All Tangled Up – Source: Paris Goodyear-Brown

UAPT-rope-tangled-upThis is an intervention shared by Paris to help children express their feelings.  It can be used with individuals and families.  The age range is four to twelve.  All you need for this intervention is a ball of yarn, scissors, paper, markers, and finger puppets of bugs.

This intervention can be used to help clients identify their own feelings and verbalize them, learn coping strategies, and decrease the frequency, intensity, and number of worries clients experience.

As therapists we first need to normalize and validate their feelings.  Explain that sometimes it can be difficult to have too many feelings and that they indeed can get all tangled up inside.

Here are Paris’ instructions for this intervention:

“We just go around feeling worried and anxious without even knowing why.  Today we are going to untangle those worries.  Let’s start by pulling out one thread at a time and naming it.”  The practitioner then gives an example of one big worry and one small worry.  For example, the practitioner might say, “I get a little worried when we’re out of milk, but I know we can go to the store and get some more.”  Then pull some yearn out from the tangled ball.  Deliberately pull more yarn than is needed to represent this worry.  Then say, “I worry this much about it” and hold up the length of yarn.  Then say, “Actually, I don’t worry quite that much about the milk, so I’m going to make it this long” and shorten the piece of yarn by a foot.  Help the client to untangle at least five or six worries.  Some will be small and some may seem like miles of yarn.  As the child cuts each piece of yarn (the length reflecting the intensity of the worry), write the worry in magic marker on a small piece of paper and tape it on the yarn (this helps delineate one worry thread from another).  Then tell the client that you are going to tie the worries up all around the room until they look like a spider web.  Tie one end of the yarn to the door handle and the other to the top of a bookshelf.  Let the client choose where some of the yarn lengths get tied.  However, they should cross each other across the space so that the threads end up looking like a spider web.” 

Paris indicates that the therapist may wish to invite the child’s parent to look at the web and have the child tell the parent about each of the worries.

The therapist and child can talk about ways to cut the worries down.  The strategies to decrease the child’s worries may include:  deep breathing and muscle tension/relaxation exercises, positive imagery, and thought replacement techniques.
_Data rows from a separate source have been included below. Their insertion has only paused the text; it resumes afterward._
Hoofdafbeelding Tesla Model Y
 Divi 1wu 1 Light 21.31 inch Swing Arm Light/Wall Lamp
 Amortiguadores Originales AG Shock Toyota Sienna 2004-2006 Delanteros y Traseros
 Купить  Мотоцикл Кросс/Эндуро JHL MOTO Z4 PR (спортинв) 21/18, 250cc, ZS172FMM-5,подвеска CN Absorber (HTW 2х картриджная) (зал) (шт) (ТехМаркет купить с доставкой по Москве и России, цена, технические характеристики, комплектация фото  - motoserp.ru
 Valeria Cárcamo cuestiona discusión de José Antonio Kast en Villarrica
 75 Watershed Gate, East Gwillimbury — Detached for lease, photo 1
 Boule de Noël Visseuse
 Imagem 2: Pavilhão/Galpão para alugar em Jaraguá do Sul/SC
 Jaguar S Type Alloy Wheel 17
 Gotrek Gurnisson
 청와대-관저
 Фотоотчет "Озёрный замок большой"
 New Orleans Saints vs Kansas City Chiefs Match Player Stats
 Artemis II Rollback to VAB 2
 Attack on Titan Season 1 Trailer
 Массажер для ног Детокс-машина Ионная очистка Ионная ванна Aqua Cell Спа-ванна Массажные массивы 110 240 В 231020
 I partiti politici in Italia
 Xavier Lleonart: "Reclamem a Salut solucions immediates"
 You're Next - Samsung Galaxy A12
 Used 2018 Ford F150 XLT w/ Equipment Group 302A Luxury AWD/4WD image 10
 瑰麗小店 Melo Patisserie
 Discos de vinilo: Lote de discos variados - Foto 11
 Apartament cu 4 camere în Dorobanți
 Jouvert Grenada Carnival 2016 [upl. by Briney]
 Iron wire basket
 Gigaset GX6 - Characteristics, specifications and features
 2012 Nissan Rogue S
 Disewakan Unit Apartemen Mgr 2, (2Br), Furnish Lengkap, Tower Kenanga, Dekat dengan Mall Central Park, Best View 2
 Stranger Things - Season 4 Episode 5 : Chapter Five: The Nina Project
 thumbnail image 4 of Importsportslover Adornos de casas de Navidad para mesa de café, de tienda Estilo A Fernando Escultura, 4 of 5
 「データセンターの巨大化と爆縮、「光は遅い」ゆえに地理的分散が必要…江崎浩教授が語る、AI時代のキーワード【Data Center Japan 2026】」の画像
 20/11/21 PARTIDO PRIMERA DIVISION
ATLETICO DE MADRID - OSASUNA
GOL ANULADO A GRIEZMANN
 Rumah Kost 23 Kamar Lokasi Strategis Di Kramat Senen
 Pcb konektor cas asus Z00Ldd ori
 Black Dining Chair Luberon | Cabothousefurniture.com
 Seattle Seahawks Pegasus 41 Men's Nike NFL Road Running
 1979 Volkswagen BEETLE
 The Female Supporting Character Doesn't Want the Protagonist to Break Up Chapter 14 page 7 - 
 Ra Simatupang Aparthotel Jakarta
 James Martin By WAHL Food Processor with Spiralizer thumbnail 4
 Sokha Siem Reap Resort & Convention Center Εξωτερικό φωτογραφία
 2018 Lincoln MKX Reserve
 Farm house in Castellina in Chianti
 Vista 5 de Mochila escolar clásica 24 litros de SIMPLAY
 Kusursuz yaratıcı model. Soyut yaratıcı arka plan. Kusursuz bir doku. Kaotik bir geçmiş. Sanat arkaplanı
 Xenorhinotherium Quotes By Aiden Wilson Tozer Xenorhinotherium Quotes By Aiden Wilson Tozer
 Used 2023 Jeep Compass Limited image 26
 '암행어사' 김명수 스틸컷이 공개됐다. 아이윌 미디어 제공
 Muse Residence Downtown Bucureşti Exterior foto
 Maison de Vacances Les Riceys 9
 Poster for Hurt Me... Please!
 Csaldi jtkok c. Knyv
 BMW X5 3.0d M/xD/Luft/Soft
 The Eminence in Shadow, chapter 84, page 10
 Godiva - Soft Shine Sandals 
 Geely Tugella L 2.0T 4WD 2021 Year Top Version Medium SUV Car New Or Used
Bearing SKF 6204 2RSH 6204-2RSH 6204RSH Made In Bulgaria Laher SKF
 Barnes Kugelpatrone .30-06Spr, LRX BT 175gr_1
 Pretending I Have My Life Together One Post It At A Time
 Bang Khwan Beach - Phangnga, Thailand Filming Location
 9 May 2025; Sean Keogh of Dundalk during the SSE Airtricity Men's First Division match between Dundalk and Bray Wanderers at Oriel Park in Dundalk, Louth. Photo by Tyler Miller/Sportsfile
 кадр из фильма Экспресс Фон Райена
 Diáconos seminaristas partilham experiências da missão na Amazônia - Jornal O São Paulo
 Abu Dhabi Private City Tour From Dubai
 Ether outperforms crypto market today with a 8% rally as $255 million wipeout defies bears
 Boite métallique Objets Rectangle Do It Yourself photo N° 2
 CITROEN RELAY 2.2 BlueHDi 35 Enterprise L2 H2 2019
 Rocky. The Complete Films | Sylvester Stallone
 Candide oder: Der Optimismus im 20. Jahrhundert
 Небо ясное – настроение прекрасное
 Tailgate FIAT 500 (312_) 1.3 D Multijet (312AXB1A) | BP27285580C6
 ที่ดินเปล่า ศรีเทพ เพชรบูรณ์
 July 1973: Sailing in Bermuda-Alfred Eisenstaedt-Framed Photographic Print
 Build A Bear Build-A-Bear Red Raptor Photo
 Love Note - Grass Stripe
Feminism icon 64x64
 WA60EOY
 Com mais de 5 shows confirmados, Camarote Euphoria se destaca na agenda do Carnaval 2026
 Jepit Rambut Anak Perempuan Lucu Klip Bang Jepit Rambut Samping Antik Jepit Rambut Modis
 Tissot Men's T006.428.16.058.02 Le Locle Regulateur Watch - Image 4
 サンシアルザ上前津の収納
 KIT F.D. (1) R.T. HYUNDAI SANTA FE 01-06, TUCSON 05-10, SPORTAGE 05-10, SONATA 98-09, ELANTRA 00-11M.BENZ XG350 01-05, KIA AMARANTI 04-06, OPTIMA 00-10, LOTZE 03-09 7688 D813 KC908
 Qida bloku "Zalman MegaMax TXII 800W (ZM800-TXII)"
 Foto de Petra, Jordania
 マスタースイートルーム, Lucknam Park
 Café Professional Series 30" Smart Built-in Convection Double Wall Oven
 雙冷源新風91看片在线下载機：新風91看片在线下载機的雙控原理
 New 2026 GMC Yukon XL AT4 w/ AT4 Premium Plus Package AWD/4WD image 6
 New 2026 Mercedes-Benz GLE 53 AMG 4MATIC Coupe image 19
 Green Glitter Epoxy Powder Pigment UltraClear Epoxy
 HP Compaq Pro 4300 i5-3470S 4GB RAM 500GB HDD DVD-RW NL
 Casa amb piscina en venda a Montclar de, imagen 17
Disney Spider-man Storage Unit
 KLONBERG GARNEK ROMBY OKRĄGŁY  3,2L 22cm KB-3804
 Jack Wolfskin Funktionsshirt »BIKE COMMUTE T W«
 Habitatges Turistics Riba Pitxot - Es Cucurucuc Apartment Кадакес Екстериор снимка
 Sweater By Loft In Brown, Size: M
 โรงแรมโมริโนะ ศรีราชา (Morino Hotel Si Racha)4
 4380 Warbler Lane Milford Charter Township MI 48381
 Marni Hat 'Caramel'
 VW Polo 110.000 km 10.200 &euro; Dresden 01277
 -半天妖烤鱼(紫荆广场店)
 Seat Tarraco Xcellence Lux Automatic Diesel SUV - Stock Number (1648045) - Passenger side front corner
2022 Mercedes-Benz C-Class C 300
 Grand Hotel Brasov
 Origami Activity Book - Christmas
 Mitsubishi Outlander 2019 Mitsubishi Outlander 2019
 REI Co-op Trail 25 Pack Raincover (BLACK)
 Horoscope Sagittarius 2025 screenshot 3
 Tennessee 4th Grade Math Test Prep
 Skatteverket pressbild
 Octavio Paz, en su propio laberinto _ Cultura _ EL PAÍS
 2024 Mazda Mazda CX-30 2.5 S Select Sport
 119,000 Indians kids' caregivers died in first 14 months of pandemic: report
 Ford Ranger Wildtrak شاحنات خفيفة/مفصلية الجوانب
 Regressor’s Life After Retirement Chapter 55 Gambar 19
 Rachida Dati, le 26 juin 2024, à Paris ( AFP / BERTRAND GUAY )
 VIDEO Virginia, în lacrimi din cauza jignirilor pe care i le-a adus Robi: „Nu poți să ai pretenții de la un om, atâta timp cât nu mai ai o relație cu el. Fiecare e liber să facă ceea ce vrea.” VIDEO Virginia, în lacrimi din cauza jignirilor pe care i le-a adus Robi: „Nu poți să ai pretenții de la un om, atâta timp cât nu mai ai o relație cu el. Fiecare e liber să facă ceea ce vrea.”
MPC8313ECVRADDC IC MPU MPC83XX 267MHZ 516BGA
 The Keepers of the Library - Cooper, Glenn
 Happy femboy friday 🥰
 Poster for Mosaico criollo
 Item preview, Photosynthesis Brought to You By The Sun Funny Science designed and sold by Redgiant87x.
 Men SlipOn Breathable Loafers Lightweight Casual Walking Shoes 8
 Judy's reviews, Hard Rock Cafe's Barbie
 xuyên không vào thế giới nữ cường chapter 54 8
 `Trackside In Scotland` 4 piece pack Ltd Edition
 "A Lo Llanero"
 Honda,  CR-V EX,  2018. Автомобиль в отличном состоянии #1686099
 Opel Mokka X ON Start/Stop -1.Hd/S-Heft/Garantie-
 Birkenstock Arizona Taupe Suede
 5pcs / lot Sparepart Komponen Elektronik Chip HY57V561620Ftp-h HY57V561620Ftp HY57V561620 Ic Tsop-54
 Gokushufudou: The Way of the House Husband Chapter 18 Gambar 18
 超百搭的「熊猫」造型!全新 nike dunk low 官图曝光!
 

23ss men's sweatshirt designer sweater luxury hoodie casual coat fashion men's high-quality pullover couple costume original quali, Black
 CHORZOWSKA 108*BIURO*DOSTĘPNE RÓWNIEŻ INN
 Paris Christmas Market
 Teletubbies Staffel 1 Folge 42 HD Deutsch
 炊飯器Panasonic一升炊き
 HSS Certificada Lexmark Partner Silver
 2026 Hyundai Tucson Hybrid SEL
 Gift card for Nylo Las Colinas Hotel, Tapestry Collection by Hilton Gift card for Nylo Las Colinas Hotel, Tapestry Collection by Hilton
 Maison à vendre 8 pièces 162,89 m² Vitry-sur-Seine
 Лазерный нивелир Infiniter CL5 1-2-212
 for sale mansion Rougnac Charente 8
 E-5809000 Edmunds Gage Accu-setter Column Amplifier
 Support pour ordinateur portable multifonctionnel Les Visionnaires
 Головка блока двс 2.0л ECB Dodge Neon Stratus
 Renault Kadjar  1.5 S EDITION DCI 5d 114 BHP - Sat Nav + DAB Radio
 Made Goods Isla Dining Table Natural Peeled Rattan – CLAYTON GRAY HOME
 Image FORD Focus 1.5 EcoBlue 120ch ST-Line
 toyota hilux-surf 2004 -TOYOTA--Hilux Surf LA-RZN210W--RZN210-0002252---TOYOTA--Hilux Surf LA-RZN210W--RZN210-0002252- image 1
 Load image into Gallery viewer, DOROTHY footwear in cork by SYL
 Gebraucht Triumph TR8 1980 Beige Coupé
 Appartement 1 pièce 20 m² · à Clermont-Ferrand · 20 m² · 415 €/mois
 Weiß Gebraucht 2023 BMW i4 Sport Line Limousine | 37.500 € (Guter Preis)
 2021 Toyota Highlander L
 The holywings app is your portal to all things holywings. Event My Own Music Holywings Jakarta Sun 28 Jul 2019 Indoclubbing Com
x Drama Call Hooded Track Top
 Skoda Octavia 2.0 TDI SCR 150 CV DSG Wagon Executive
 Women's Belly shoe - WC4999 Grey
This intervention helps children externalize their feelings and parents are able to “get a picture” of how their child feels.  This can enhance the parents’ empathy and patience towards their child.

The client will take the pieces of the yarn home at the end of the session and whenever the child is anxious or worried, the child gets to give a piece of yarn to the parent as a signal to the parent.  Then the parent can help the child accordingly.

Reference

Goodyear-Brown, Paris (2002).  Digging for buried treasure:  52 prop-based play therapy interventions for treating the problems of childhood.  Nashville: Sun Dog Limited.